Welfare
Co.co.pro, il ministero fa confusione
Per il nostro esperto Giulio D'Imperio «la circolare del Ministero del lavoro e delle politiche sociali n.7/2013 non tiene conto nè degli accordi sindacali, nè delle norme che regolamentano le collaborazioni dei professionisti»
Esaminando la circolare del Ministero del lavoro e delle politiche sociali n.7/2013 sono rimasto molto sorpreso in particolare leggendo quanto affermato in merito alla possibilità di applicare i co.co.pro. per le ONG/ONLUS e nelle organizzazioni socio assistenziali.
Quel provvedimento infatti sembra non considerare che la regolamentazione dei rapporti di collaborazione nell’ambito delle Organizzazioni non lucrative oggi è già normata in base a un accordo stipulato in data 20 ottobre 2004, e non ancora rinnovato, ch ha visto come organizzazioni firmatarie l’ Associazione delle ONG italiane e sul vesrsante sindacale ALAI –CISL, CPO-UIL, NIDIL-CIGIL.

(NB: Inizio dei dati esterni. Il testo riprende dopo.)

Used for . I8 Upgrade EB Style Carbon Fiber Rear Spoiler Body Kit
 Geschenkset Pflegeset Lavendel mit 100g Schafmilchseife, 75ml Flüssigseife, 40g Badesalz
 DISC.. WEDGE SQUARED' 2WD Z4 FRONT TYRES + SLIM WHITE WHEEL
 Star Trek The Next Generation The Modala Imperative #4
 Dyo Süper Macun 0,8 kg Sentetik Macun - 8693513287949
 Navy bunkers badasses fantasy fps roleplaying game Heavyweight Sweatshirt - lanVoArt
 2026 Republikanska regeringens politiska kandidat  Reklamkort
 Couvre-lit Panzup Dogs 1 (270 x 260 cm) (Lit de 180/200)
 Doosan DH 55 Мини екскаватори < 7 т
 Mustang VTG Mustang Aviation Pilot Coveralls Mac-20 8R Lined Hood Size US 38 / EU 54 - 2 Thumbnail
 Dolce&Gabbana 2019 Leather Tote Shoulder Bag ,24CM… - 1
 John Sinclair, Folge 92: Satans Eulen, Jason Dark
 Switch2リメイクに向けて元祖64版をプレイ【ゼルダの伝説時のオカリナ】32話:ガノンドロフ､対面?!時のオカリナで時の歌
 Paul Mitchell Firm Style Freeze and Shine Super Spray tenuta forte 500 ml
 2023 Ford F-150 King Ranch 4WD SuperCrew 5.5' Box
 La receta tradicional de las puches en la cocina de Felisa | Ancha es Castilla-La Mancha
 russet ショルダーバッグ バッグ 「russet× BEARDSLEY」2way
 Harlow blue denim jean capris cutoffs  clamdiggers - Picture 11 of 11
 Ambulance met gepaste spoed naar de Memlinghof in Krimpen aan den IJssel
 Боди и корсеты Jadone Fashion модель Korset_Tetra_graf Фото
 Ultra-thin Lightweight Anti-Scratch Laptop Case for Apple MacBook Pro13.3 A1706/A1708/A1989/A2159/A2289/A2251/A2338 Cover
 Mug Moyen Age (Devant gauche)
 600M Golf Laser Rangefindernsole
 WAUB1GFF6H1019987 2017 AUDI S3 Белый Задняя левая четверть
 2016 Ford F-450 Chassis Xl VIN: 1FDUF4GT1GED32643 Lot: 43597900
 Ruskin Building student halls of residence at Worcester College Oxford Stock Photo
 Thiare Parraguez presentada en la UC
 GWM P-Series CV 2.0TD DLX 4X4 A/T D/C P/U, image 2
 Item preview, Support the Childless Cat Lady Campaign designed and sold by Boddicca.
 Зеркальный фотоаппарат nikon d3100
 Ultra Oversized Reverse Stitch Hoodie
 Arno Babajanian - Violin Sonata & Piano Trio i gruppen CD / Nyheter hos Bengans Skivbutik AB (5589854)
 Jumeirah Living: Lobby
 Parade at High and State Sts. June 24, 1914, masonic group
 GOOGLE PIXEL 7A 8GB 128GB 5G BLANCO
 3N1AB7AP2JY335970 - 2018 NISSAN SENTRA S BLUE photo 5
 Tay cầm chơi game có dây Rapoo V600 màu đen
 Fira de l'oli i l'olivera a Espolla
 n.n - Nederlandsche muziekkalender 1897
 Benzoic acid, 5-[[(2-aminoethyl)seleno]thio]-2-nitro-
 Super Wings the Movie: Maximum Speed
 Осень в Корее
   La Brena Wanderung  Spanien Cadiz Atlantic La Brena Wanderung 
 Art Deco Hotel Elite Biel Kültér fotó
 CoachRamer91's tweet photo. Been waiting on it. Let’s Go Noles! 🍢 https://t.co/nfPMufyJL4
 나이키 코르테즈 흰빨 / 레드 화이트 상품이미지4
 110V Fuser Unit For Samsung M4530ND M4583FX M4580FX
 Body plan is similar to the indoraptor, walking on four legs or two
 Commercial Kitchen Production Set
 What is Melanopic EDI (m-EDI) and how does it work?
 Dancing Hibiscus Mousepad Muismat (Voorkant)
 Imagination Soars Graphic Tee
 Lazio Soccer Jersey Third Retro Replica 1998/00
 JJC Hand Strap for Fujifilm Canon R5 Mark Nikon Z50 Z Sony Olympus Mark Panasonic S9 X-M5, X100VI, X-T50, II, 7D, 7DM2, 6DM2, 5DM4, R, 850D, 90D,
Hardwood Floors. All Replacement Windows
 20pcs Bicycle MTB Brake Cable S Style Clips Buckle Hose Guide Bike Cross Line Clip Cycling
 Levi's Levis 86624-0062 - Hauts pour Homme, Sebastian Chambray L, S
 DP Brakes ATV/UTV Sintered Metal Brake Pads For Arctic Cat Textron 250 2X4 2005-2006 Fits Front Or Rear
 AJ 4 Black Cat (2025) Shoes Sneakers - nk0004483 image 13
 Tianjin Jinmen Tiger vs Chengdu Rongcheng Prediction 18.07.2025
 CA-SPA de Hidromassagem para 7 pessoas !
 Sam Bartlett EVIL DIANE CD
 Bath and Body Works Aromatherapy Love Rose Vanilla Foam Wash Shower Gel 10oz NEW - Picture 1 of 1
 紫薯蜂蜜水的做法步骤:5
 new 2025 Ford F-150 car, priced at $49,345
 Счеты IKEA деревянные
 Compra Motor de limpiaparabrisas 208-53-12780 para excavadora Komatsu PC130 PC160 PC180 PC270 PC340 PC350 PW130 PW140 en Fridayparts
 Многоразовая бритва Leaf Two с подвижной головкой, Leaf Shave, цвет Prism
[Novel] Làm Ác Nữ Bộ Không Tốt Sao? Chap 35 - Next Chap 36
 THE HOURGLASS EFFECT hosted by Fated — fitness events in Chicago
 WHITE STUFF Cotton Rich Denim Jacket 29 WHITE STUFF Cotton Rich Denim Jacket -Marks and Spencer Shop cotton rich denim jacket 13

A questo punto mi chiedo: le collaborazioni disciplinate dal Contratto a progetto appena citato, sono differenti dalle co.co.pro su cui si intrattiene la circolare del ministero?
I cooperanti a quale disposizione devono attenersi, considerando che esiste un contratto a progetto riconosciuto dalle tre sigle sindacali unitarie e che il Ministero del lavoro non fa alcun cenno a tale contratto collettivo?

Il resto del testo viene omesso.